Reactions in South Korea

Koreans ended up joining the Taiwanese in rebuking JYP Entertainment, despite the centrality of hallyu in their lives. South Korea’s news and social media widely covered the Tzuyu Incident. One of the news articles posted on 17 January 2016 on Daum, the country’s one of the most popular news portals, was “The Spread of the ‘Tzuyu Issue’ in Taiwan: 10,000 People Willing to Participate in an Anti-Huang An Protest” by Yonhap News. By 19:21 (South Korean Time) on 17 January 2016, 1,185 Korean netizens had responded to the comment that Tzuyu’s apology video resembled an ISIS hostage video.

Comments from Korean netizens massively supported Tzuyu. A dominant stream of reactions was that she should not have had to apologize at all, as the following examples show. To Korean netizens, Tzuyu had been coerced into doing so:

“Poor Tzuyu. Don’t use her any more!!” (Uni, 어니, 644 likes, 11 dislikes)

“Cheer up, Tzuyu!” (Let’s Cheer Up, 힘을 내자, 550 likes, 12 dislikes)

“Why does she have to read a text of apology when there is nothing wrong with holding a flag of her birthplace? I am so sorry. I can’t imagine how distressed she was when she was reading the apology text. Cheer up! Tzuyu!” (Ginger Cookie, 생강쿠키, 54 likes, 1 dislike)
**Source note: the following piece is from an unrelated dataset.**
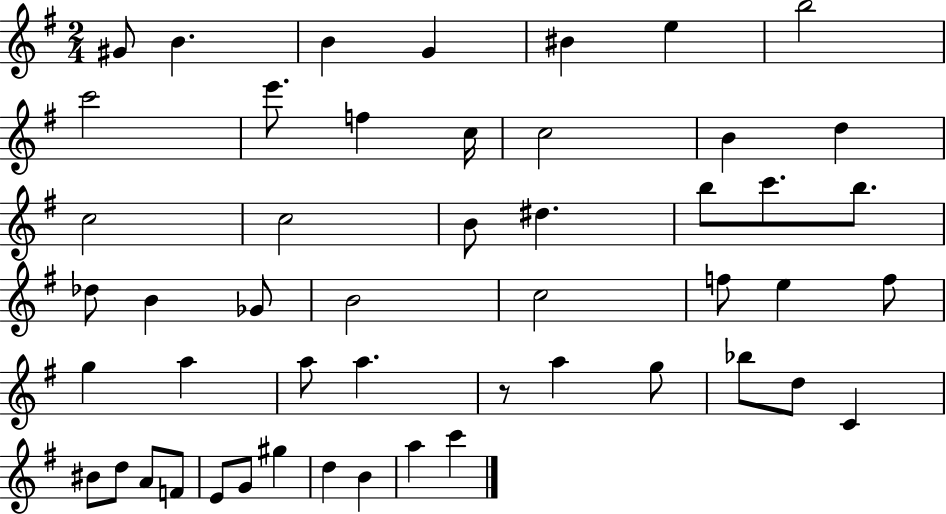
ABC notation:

“I am so sorry to Tzuyu as a Korean person. JYP should have made an official apology. Tzuyu did nothing wrong. She was used simply for business” (moon, 37 likes 4 dislikes).
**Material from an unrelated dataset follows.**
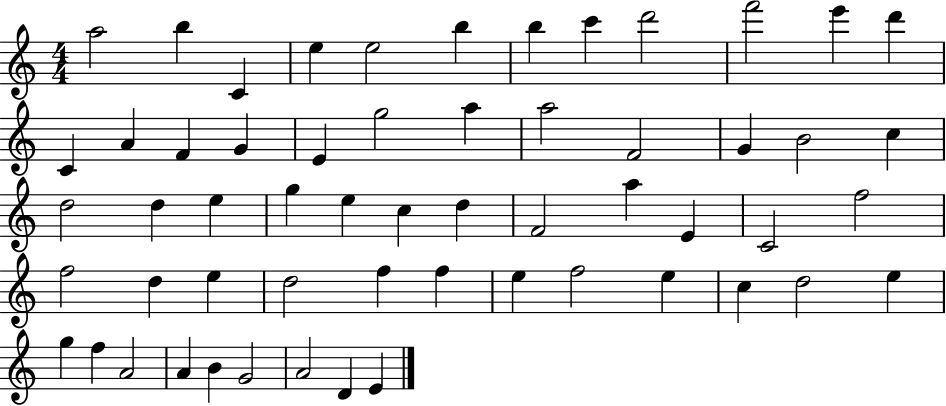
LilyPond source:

Netizens felt that Tzuyu was simply instructed to hold the ROC flag to show that the members of Twice came from different places outside of South Korea. Netizens were frustrated with and saddened by the circumstances that put her in such a difficult situation and led to her innocent act. For this reason, another wave of comments criticized and registered disappointment with JYP Entertainment. For example:

“Park Jin-young is the worst. He forced her to apologize to make profits… What’s wrong with a person from Taiwan to hold a Taiwanese flag? Answer, JYP!!” (Stone Rock, 돌바위, 471 likes, 20 dislikes).

“Huang An was the problem, but I was more disappointed by JYP. 16-year-old Tzuyu did nothing wrong at all. Despite this, JYP forces her to apologize because he is concerned about restrictions on his business by China” (A Mole Goes, 두더지가 간다, 383 likes, 17 dislikes).

“Why did Tzuyu have to apologize when she did not wave the flag in China? The one that forced her to do this is deplorable” (Angel, 천사, 129 likes, 3 dislikes).

“JYP is responsible for protecting minors. JYP’s action cannot be accepted” (Sharwhina, 샤르휘나, 145 likes, 5 dislikes).

“I am not interested in Huang An. I am frustrated with the JYP’s handling of this issue. Cheer up, Tzuyu… I began to support you through this incident” (Toward the Pinnacle, 정상을 향해, 35 likes, 1 dislike).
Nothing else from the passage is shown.